Allah ﷻ pun berfirman:
وَأَطِيعُوا اللَّهَ وَرَسُولَهُ وَلَا تَنَازَعُوا فَتَفْشَلُوا وَتَذْهَبَ رِيحُكُمْ
Taatlah kalian kepada Allah dan Rasul-Nya serta jangan saling berbantah-bantahan sehingga nanti kalian menjadi lemah dan kekuatan kalian hilang (QS. al-Anfal [8]: 46).
Allah ﷻ juga menyatakan bahwa siapa saja yang tidak memutuskan perkara menurut wahyu yang telah Dia turunkan, mereka itu adalah kaum kafir, zalim dan fasik (QS al-Maidah [5]: 44, 45 dan 47). Ini menunjukkan kewajiban menerapkan hukum-hukum Allah ﷻ dalam kehidupan, yang hanya mungkin ditegakkan secara menyeluruh melalui institusi Negara Islam (Khilafah). Karena itulah para ulama Ahlus Sunnah wal Jamaah telah berijmak (bersepakat) atas kewajiban menegakkan Khilafah ini. Imam al-Mawardi (w. 450 H), misalnya, dalam Al-Ahkâm As-Sulthâniyah, menyatakan: "Imamah (Khilafah) ditegakkan untuk menggantikan Kenabian dalam menjaga agama dan mengatur urusan dunia. Wajib atas umat Islam untuk mengangkat seorang imam (khalifah) yang menegakkan agama dan memimpin dunia dengan keadilan."

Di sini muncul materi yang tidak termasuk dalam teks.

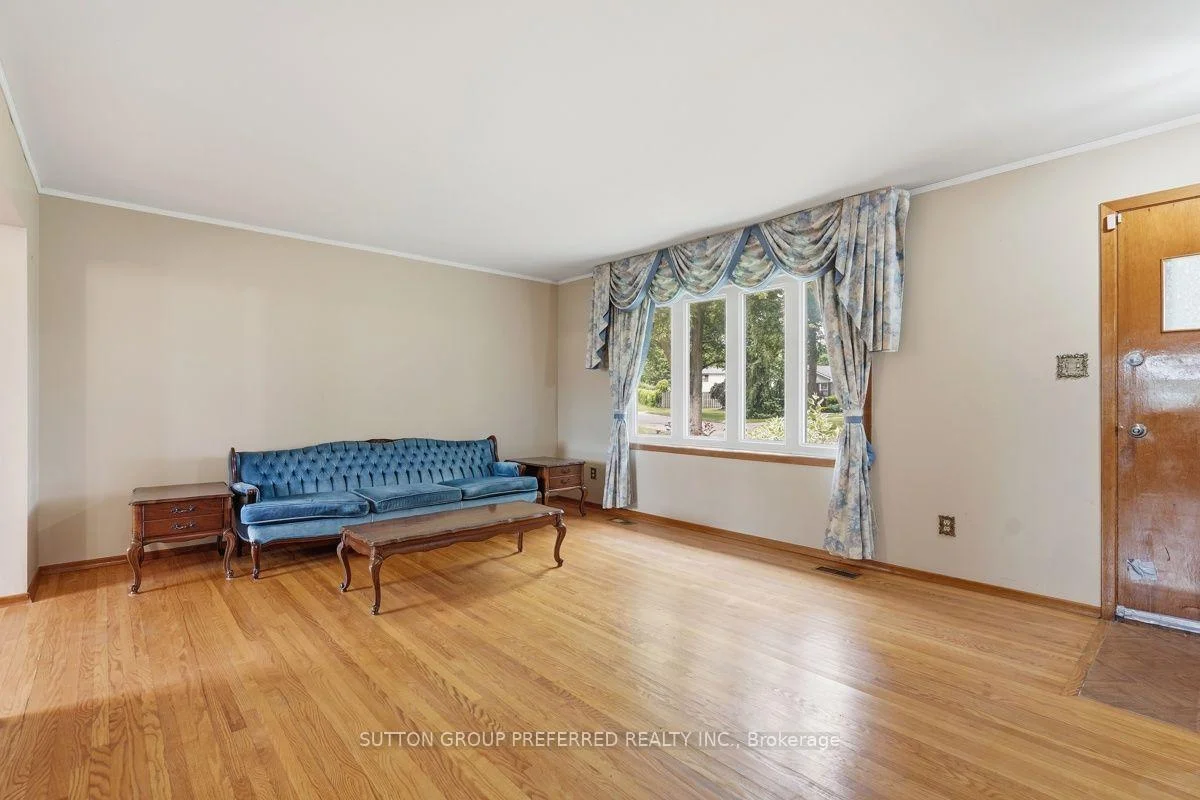 Photo 31 of 136 Mendip Crescent, London, South Y — HOMEH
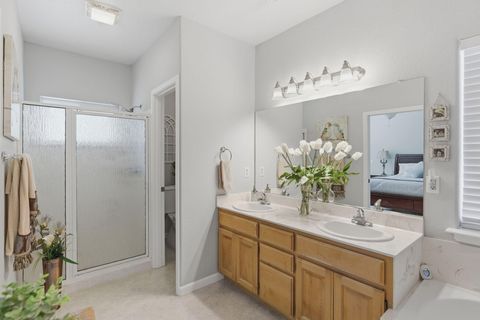 Tiny photo for 1211 SW Ironwood Drive, Grants Pass, OR 97526 (MLS # 220221778)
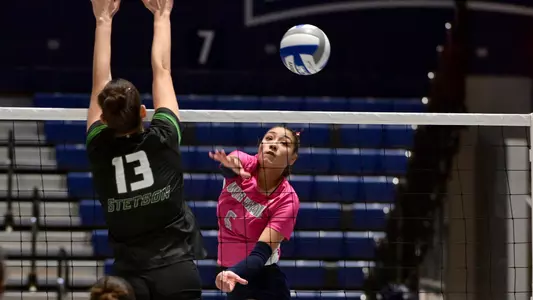 Janelly Ceopa going for an attack against Stetson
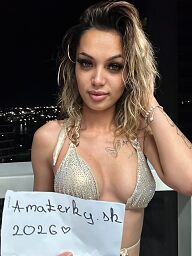 Blondie Anna, Bratislava - Staré Mesto, 18 rokov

Imam Ibn Hazm (w. 456 H), dalam Al-Fashl fî al-Milal wa al-Ahwa wa an-Nihal, juga menyatakan: "Seluruh Ahlus Sunnah, seluruh Murjiah, seluruh Syiah dan seluruh Khawarij sepakat bahwa wajib atas umat Islam mengangkat seorang imam (khalifah)." (Lihat juga: Imam al-Qurthubi, Al-Jâmi’ li Ahkâm al-Qur'ân (1/259-266).
Di dalam as-Sunnah, Rasulullah ﷺ juga banyak menekankan persaudaraan umat Islam. Beliau, antara lain, bersabda:
اَلْمُؤْمِنُ لِلْمُؤْمِنِ كَالْبُنْيَانِ يَشُدُّ بَعْضُهُ بَعْضاً
Orang Mukmin dengan Mukmin lain bagaikan bangunan. Masing‑masing saling menguatkan satu sama lain (HR al‑Bukhari dan Muslim).
Beliau juga banyak menekankan persatuan umat Islam. Bahkan persatuan umat Islam itu wajib di bawah kepemimpinan seorang khalifah. Beliau tegas bersabda:
إِذَا بُوْيِعَ خَلِيْفَتَيْنِ فَاقْتُلُوْا أَخِرَ مِنْهُمَا
Jika dibaiat dua khalifah maka bunuhlah yang terakhir di antara keduanya (HR Ahmad dan at-Tirmdizi).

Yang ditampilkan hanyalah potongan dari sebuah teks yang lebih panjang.